Please find the line that holds "brillante montaje grifo" below and reproduce it, along with every line after it through the end, exactly and without pictures.

→ Recorded data:
◇ ◇ ◇ ◇ ◇ ◇ ◇

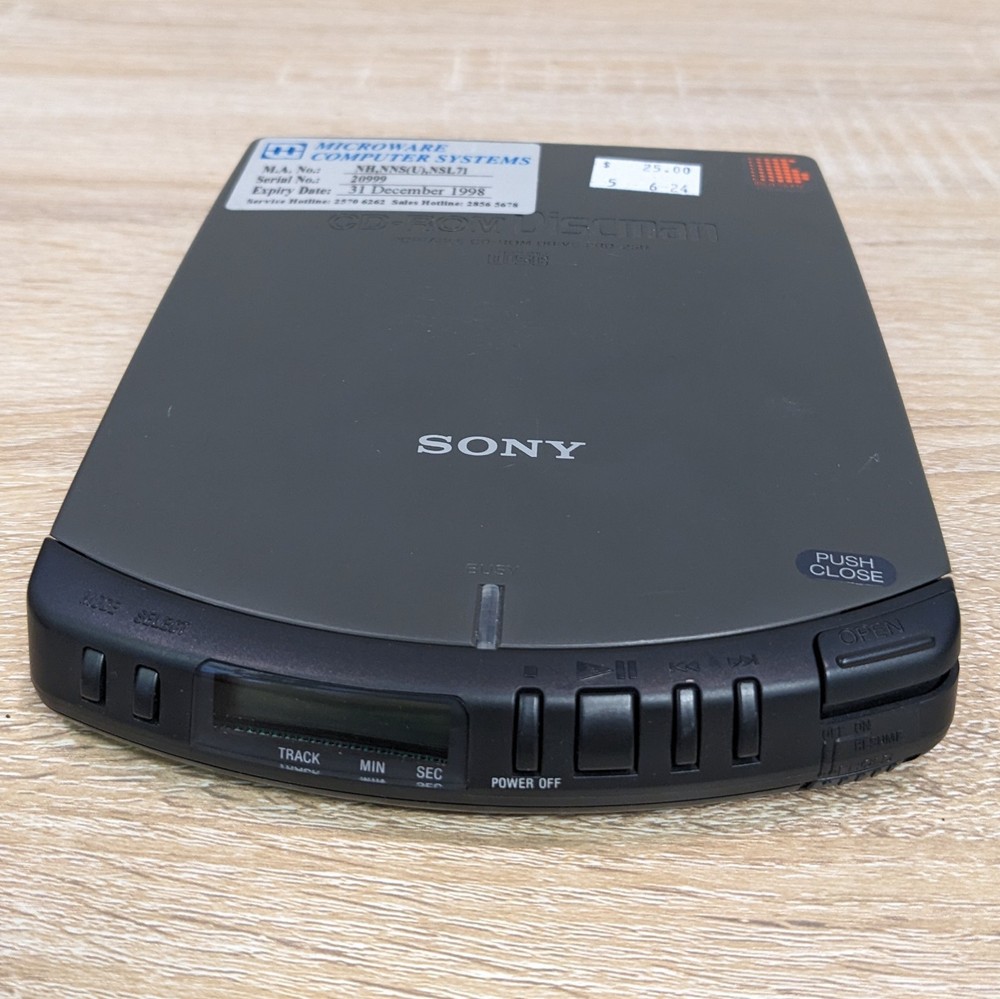Sony CD-ROM/PLAYER Discman Portable MODEL PRD-250 Untested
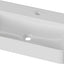 Fregadero rectangular 32" blanco brillante montaje grifo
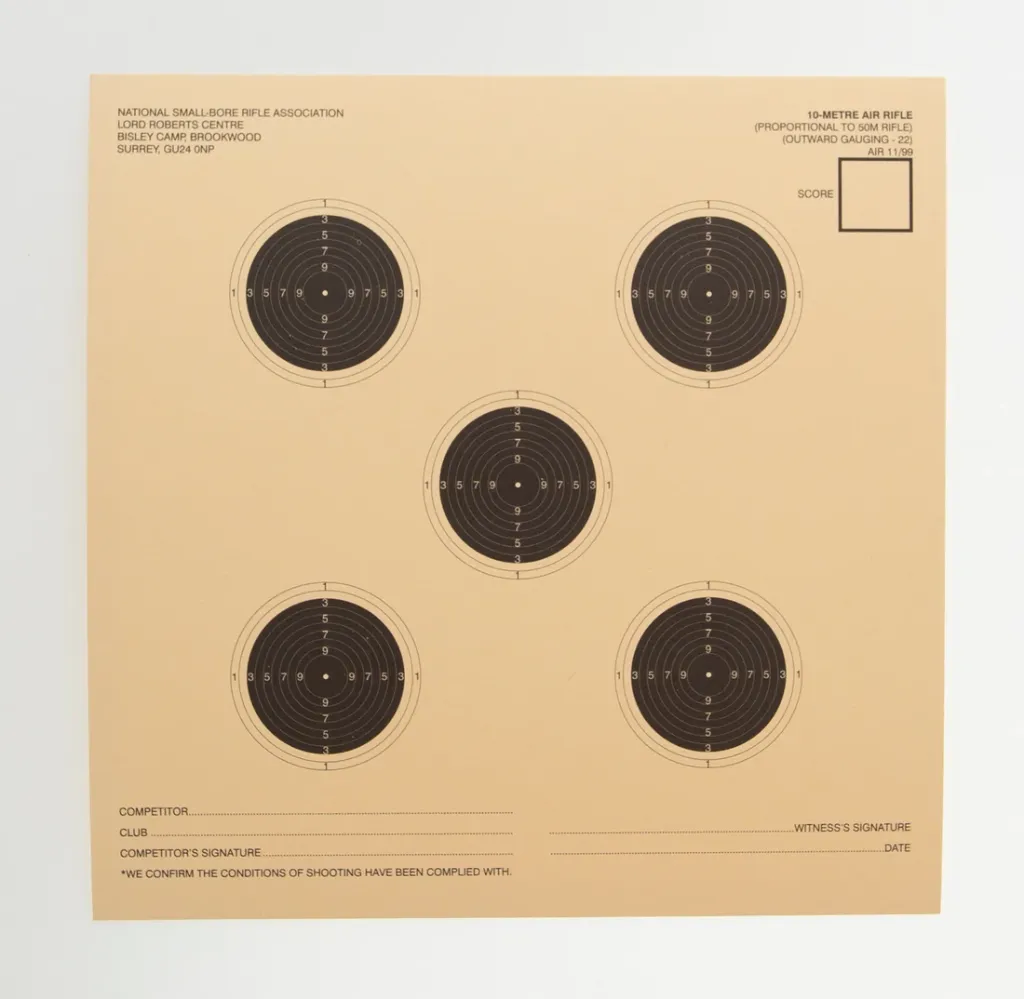 NSRA Air 11/99-18 (10 M Air Rifle Prop to 50 Metres) Packs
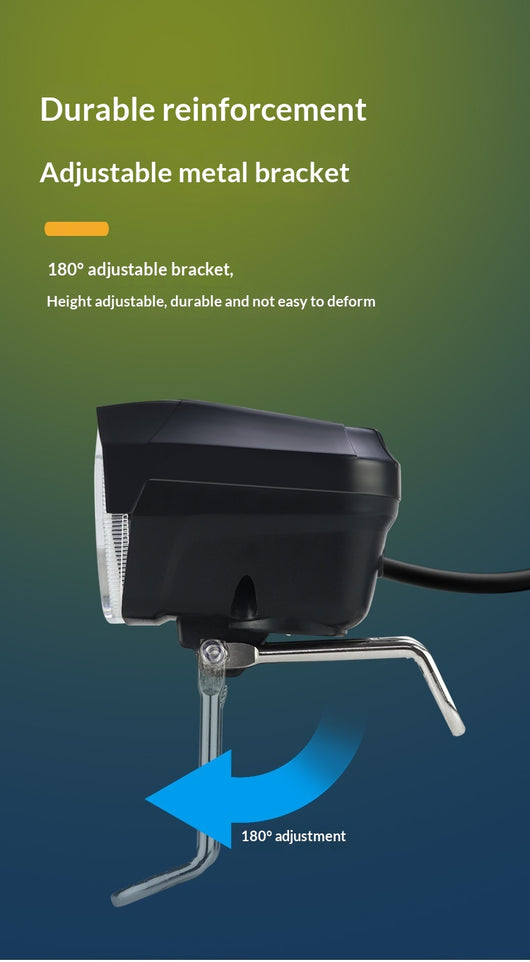 Faro LED Plegable para Bicicleta Eléctrica con Claxon - Image 17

◇ ◇ ◇ ◇ ◇ ◇ ◇

→ Result for this task:
 Fregadero rectangular 32" blanco brillante montaje grifo
 NSRA Air 11/99-18 (10 M Air Rifle Prop to 50 Metres) Packs
 Faro LED Plegable para Bicicleta Eléctrica con Claxon - Image 17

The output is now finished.